- **WHAT TO WORK ON**:
Transcribe nothing except the lines below that run from the one with "161-086 Genesect ex" to the one with "Trimite Baruri de", ends included, and do not copy any picture.
──────── INFORMATION SHOWN
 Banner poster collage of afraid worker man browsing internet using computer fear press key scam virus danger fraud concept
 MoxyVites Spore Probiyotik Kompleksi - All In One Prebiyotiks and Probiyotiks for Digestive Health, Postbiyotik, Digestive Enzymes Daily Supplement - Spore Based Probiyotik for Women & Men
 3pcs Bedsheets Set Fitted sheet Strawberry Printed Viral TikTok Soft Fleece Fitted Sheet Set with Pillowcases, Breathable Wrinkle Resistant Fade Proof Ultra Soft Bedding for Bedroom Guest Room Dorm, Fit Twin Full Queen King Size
────────────────
──────── INFORMATION SHOWN
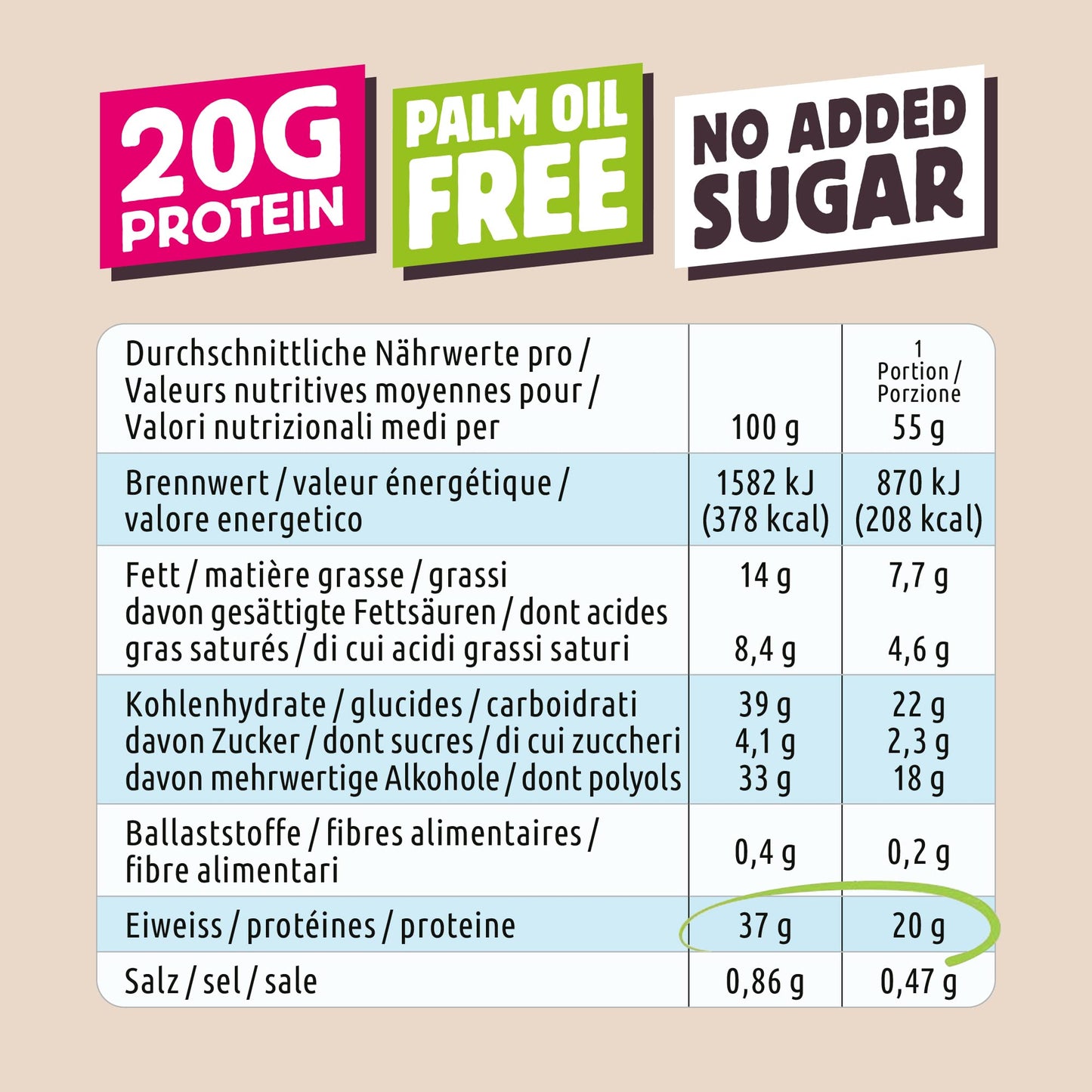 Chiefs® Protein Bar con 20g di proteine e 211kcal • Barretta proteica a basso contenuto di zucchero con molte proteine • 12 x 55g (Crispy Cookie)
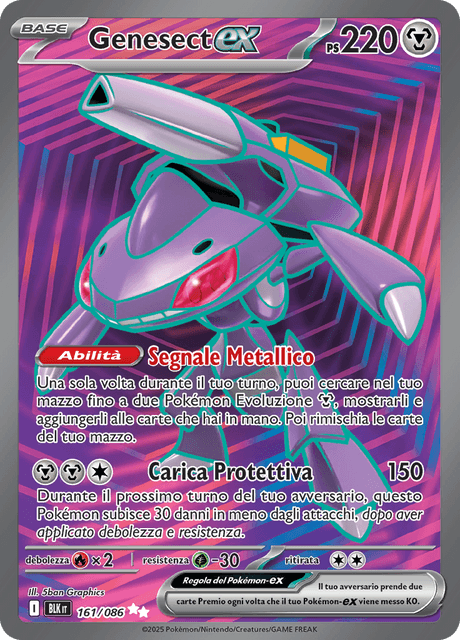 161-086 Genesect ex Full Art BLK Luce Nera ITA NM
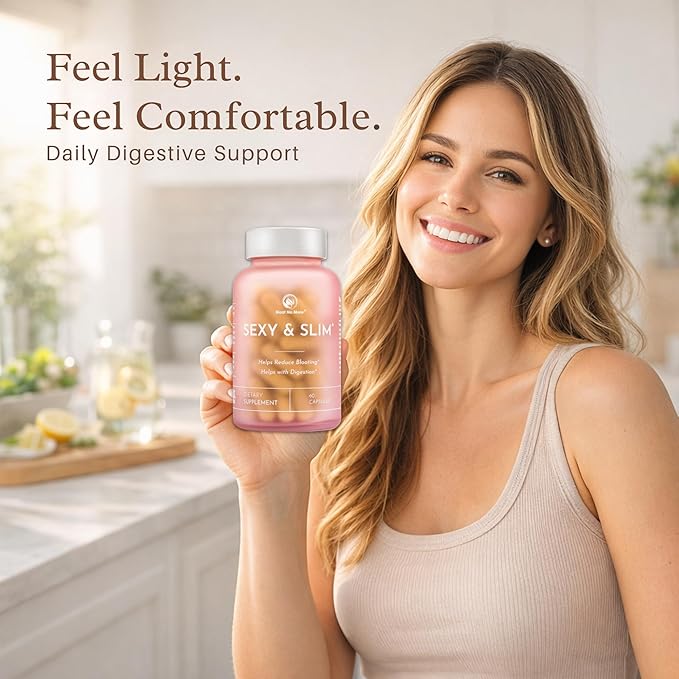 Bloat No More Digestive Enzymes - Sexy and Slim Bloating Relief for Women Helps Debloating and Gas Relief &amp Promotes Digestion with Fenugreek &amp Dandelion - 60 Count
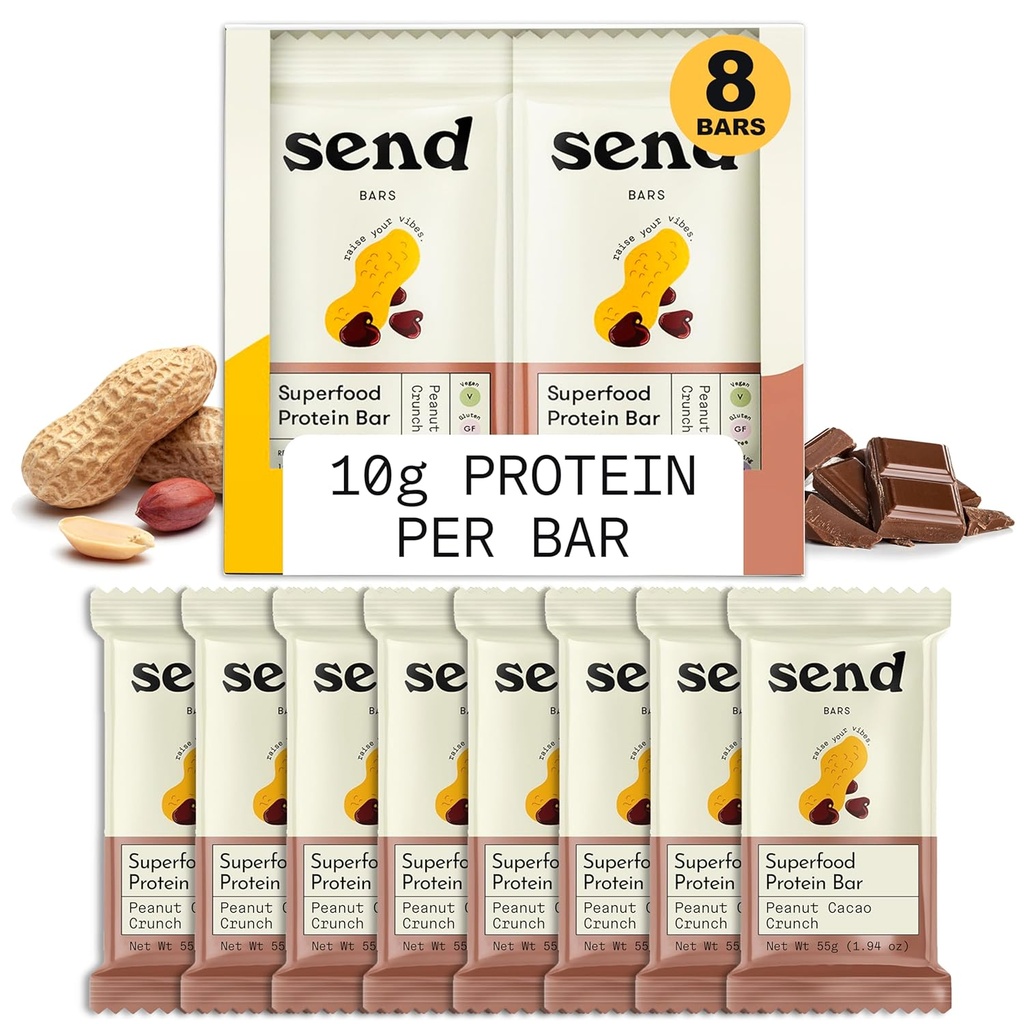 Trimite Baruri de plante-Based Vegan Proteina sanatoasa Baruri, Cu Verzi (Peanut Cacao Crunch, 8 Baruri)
────────────────
──────── INFORMATION SHOWN
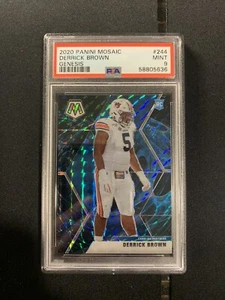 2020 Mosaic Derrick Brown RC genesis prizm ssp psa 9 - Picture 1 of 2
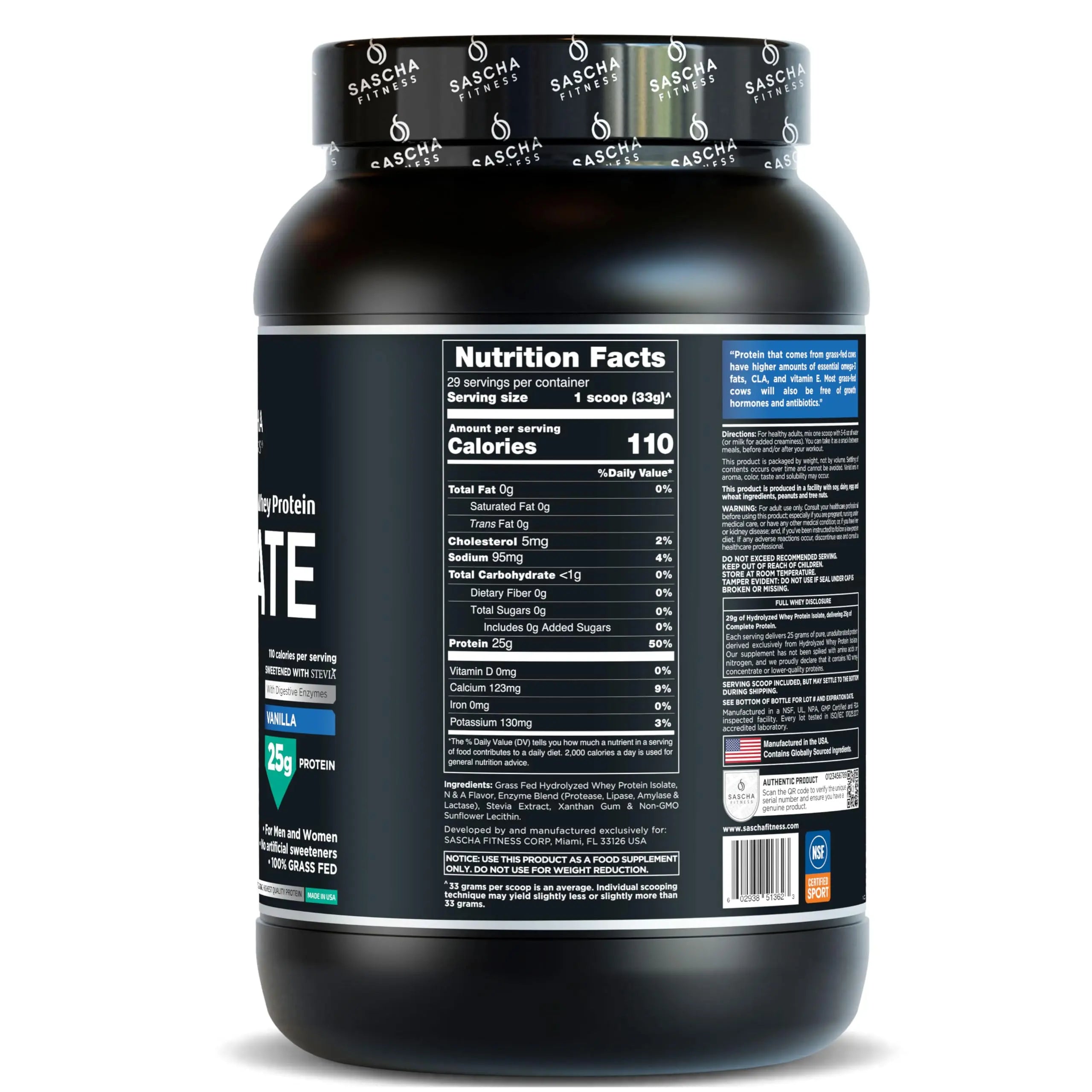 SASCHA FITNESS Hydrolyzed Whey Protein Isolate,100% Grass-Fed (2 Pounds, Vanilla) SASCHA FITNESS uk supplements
────────────────
- **SOLUTION FOR THIS PROBLEM**:
 161-086 Genesect ex Full Art BLK Luce Nera ITA NM
 Bloat No More Digestive Enzymes - Sexy and Slim Bloating Relief for Women Helps Debloating and Gas Relief &amp Promotes Digestion with Fenugreek &amp Dandelion - 60 Count
 Trimite Baruri de plante-Based Vegan Proteina sanatoasa Baruri, Cu Verzi (Peanut Cacao Crunch, 8 Baruri)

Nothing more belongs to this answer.